Task goal :: Starting at the first line of the data and ending at the line with "un panneau indiquant", copy each line exactly. Include both of those lines, but no pictures.

[Brief descriptive captions]
☆ ☆ ☆ ☆

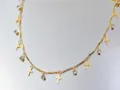 Dettagli in primo piano dell'accessorio gioiello DIY catena croce oro con strass e bastoncini. - Croce di Cristallo Bianco / Oro KC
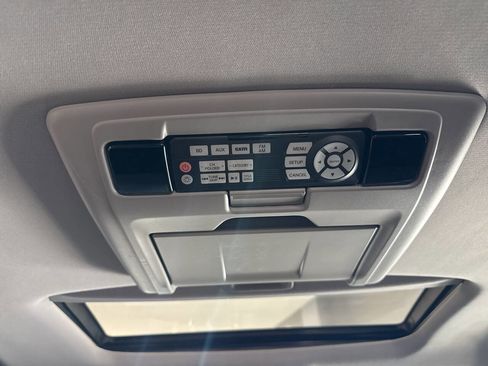 Used 2018 Honda Pilot Elite image 31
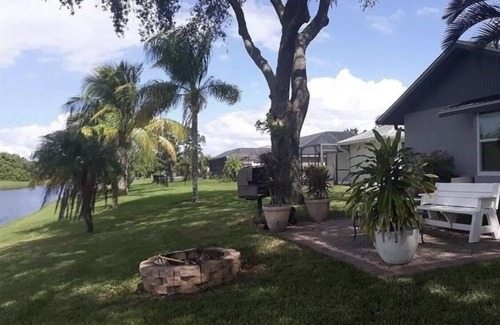 Pebble Beach House | Breathtaking sunsets on beautiful canal with private dock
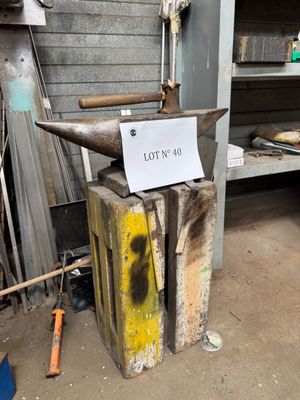 un panneau indiquant « lot n° 20 » au sommet d'une enclume
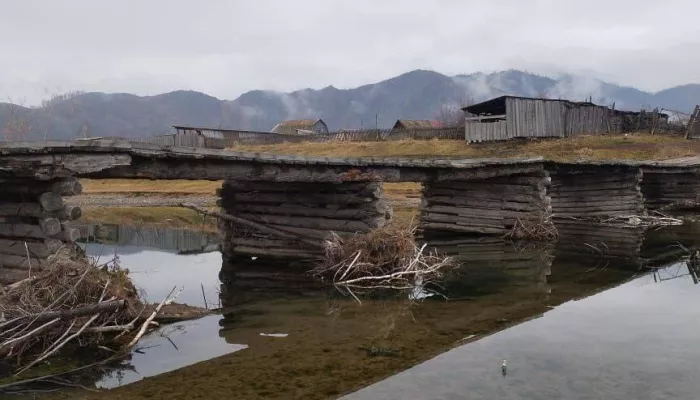 Прогнивший мост в Республике Алтай отремонтировали после вмешательства прокуратуры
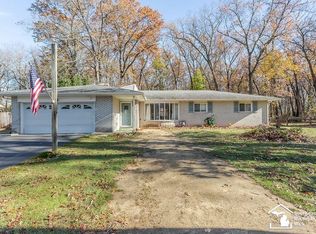 7756 Indian Rd, Temperance, MI 48182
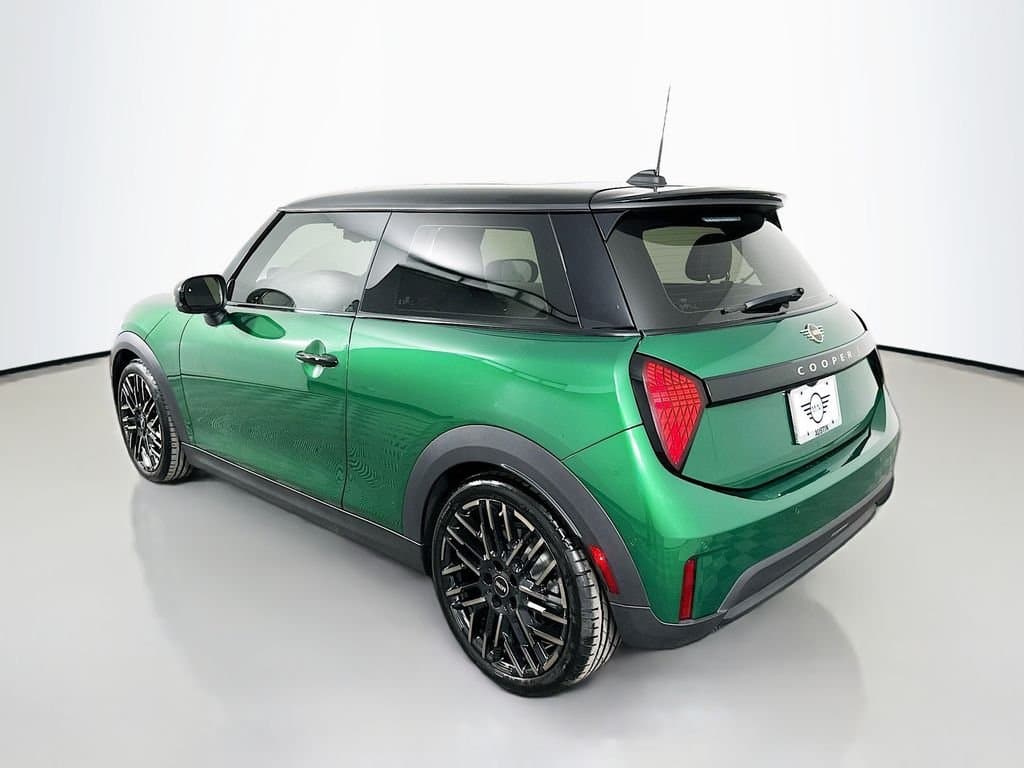 2025 MINI COOPER - Image 8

☆ ☆ ☆ ☆

Response to this exercise ::
 Dettagli in primo piano dell'accessorio gioiello DIY catena croce oro con strass e bastoncini. - Croce di Cristallo Bianco / Oro KC
 Used 2018 Honda Pilot Elite image 31
 Pebble Beach House | Breathtaking sunsets on beautiful canal with private dock
 un panneau indiquant « lot n° 20 » au sommet d'une enclume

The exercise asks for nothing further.